Despite being generally in favour of renewable energy, only one third of people would willingly accept a wind farm within 5km of their home and even fewer could accept overhead pylons that close.
The findings, from the Economic and Social Research Institute (ESRI), illustrate the challenges in the Government's plan to meet 70pc of the country's electricity needs through renewable energy by the end of this decade.
It also signals difficulties ahead for the North-South interconnector project which would see a string of high-voltage pylons erected through Meath, Cavan and Monaghan.
Climate Action Minister Eamon Ryan said on Thursday morning he knew the project was unpopular but progress would have to be made on it in the next six months.
Power companies say the interconnector is essential for the all-island electricity market as the amount of power that can move across the existing cross-border transmission system is limited.
The interconnector would provide greatly increased capacity and flexibility needed to source electricity from many different renewable sources and distribute it rapidly, smoothly and safely around the island.
But communities in the affected counties are opposed to the proposal to run it through overhead pylons rather than underground cables.
Underground options have been dismissed as too expensive and technically difficult.
Mr Ryan said the interconnector would be the backbone of the all-island electricity market.
“I know there is a huge political challenge around this and people are very concerned about it but it will have to be overground,” he said.
“That's probably one of the biggest challenges on my desk – how in the next six months do we get over the real political challenge of going ahead with a project that’s very unpopular in the local area.”
Almost 40pc of the republic’s electricity needs are met from renewables, mainly from more than 200 wind farms, but there is a commitment to get to 70pc by 2030. Demand for electricity is expected to grow by up to 55pc by then.

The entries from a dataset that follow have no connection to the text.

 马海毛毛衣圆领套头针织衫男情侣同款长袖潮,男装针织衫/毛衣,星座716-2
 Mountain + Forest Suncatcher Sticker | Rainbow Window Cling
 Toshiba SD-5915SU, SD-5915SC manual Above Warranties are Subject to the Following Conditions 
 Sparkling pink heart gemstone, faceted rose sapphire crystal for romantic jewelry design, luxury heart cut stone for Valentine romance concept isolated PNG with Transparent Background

While long-term the plan is to build off-shore turbines, there are many more on-shore wind farms in the pipeline.
Around 30 new farms have planning permissions and grid connection contracts, planning applications are being prepared for others and local opposition is growing in areas where they are most concentrated.
The ESRI study found that more than three-quarters of people were positively disposed to on-shore wind turbines but just 36pc were willing to accept such development within 5km of their homes. Acceptance levels for overhead transmission lines within 5km were just 28pc.
The study said without public acceptance, more costly options would have to pursued which could raise the price of power by anything from 14pc to 263pc depending on the level of opposition.
“The implication for policy and the wider electricity sector is that community and stakeholder engagement should remain a top priority,” the authors said.